Do przykrego zdarzenia doszło w 38. minucie, kiedy Arbin Zejnullai przewracał się, to został kopnięty w głowę przez swojego kolegę z drużyny. Adamu Alhassana całym impetem trafił go w twarz i zawodnik gospodarzy upadł bezwładnie na murawę, na szczęście zdołał się ocknąć, szybko otrzymał pomoc, ale nie było mowy o tym, żeby mógł kontynuować grę. Do przerwy mieliśmy bezbramkowy remis i bardzo mało dogodnych sytuacji do strzelenia gola.
Szybki cios od gospodarzy i wielkie emocje w doliczonym czasie gry zwieńczone golem Lozano!
Gospodarze odważnie weszli w drugą połowę z ofensywnym nastawieniem i szybko osiągnęli swój cel. Po dośrodkowaniu z rzutu rożnego Ronaldo Webstera do siatki trafił Liridon Latifi, który wygrał pojedynek z Drachalem i dał prowadzenie swojemu zespołowi w 49. minucie.
Adrian Siemieniec chwilę później zareagował na wydarzenia boiskowe i dokonał trzech zmian. Na plac gry weszli Jesus Imaz, Alejandro Pozo i Sergio Lozano. Jaga częściej utrzymywała się przy piłce, ale nie wynikały z tego konkretne okazje do strzelenia gola, natomiast blisko podwyższenia prowadzenia na nieco ponad 10 minut przed końcem była Shkendija, bo Besart Ibraimi uderzał zza pola karnego, ale piłkę odbił Miłosz Piekutowski.
Podopieczni Adriana Siemieńca mieli w 90. minucie dobrą okazję do strzelenia gola, ale Pululu w dogodnej sytuacji nie uderzał, tylko podał do Lozano, a ten nie zdołał oddać strzału. Do kuriozalnej sytuacji doszło w doliczonym czasie gry, Jesus Imaz został kopnięty w polu karnym, ale upadł w dość nienaturalny sposób, co sędzia uznał za próbę wymuszenia rzutu karnego, dał Hiszpanowi żółtą kartkę, a że była to jego druga w tym meczu, to musiał opuścić murawę.

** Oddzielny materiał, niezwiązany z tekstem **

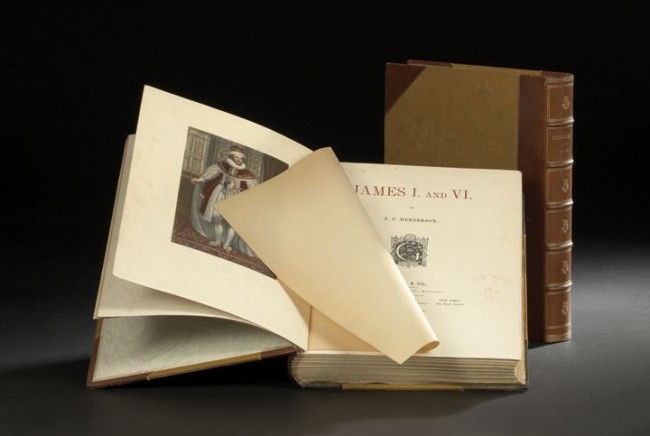 2 Vols. of Goupil's "English Historical Series": Two Limited Edition Volumes of Goupil's English Historical Series, including Osmund Airy, Charles II (Paris: Goupil et Cie., 1901, #542 of 1250) and T. F. Henderson, James I and VI (Paris: Goupil et C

Po tym wydarzeniu Jaga ruszyła do rozpaczliwego ataku i trafiła za siatki za sprawą Sergio Lozano, który pięknym strzałem z powietrza umieścił piłkę w siatce i dał remis drużynie z Białegostoku, bo sędzia nawet nie wznowił już gry.
Jagiellonia po 3. kolejkach jest niepokonana w rozgrywkach Ligi Konferencji i z pięcioma punktami na koncie zajmuje 14. miejsce w tabeli.